We're sorry Aspose doesn't work properply without JavaScript enabled.

Free Support Forum - aspose.com

Extract text with rectangle, the result has lots of break line

I want to copy the select text from pdf.
First I choose a Rectangle area and using its coordinates to init TextAbosrber.TextSearchOptions.Rectangle. and then I selected a page to accept this textAbsorber.
Finally, I found that the textAbsorber.Text has lots of break lines in the end. sometime it also will be displayed between each line.
here is sample code:

     var absorber = new TextAbsorber();
     absorber.TextSearchOptions.LimitToPageBounds = true;
     var ltPoint = CalculateSelectedAreaOnPage(SelectRectLeftTopPoint);
     var rbPoint = CalculateSelectedAreaOnPage(SelectRectRightBottomPoint);
     absorber.TextSearchOptions.Rectangle = (new Aspose.Pdf.Rectangle(ltPoint.X, ltPoint.Y, >rbPoint.X, rbPoint.Y));
     string extractedText = absorber.Text;

Please ingore the function CalculateSelectedAreaOnpage(), it just a function to convert point.
Please help me check the extract text result. thanks.


Could you please explain a bit more by sharing your sample source PDF and expected output text information.

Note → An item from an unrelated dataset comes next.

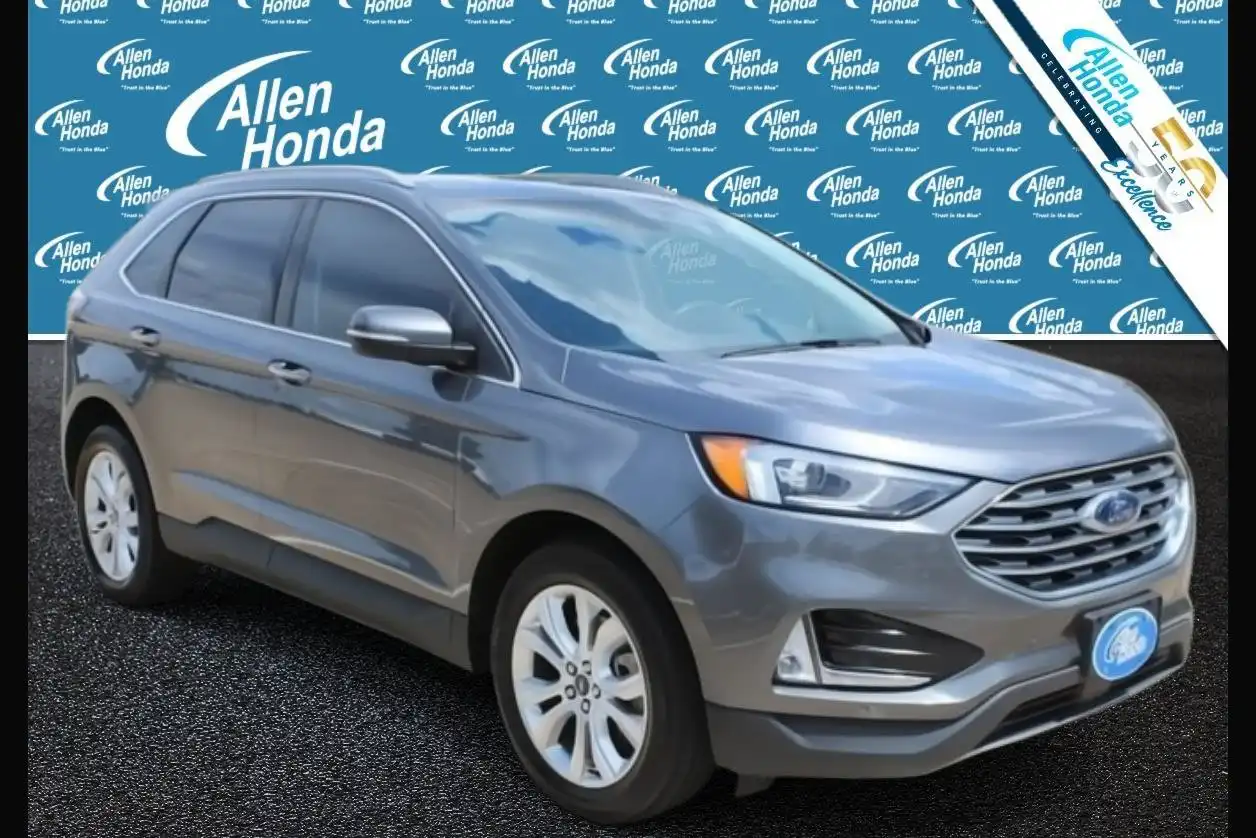 2021 Ford Edge Titanium's photo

We will test the scenario in our environment and address it accordingly.

Thanks for your replay,
Here.pdf (95.8 KB)
and a select the rectange such as SelectedRect.png (55.5 KB)
and the extracted text result is extractedTextResult.png (12.2 KB)
you can see I have selected all the text, so that you can see the extra breakline
sometimes linebreak will appear in line space, please check it.
if you have any problem, please let me know.


We need these values which you have specified in your above line of code. This way we will be able to test the scenario in our environment accordingly and share our feedback with you.

the ltPoint.X = 71.250475;
the ltPoint.Y = 485.250638;
the rbPoint.X = 543.749519;
the rbPoint.Y = 425.250763;


Please try to use the code snippet as below in order to extract text without spaces:

Document doc = new Document(dataDir + "extractTextTextPDF.pdf");
TextAbsorber ta = new TextAbsorber();
ta.TextSearchOptions.Rectangle = (new Aspose.Pdf.Rectangle(71.250475, 485.250638, 543.749519, 425.250763));
ta.ExtractionOptions = new TextExtractionOptions(TextExtractionOptions.TextFormattingMode.Raw);
string text = ta.Text;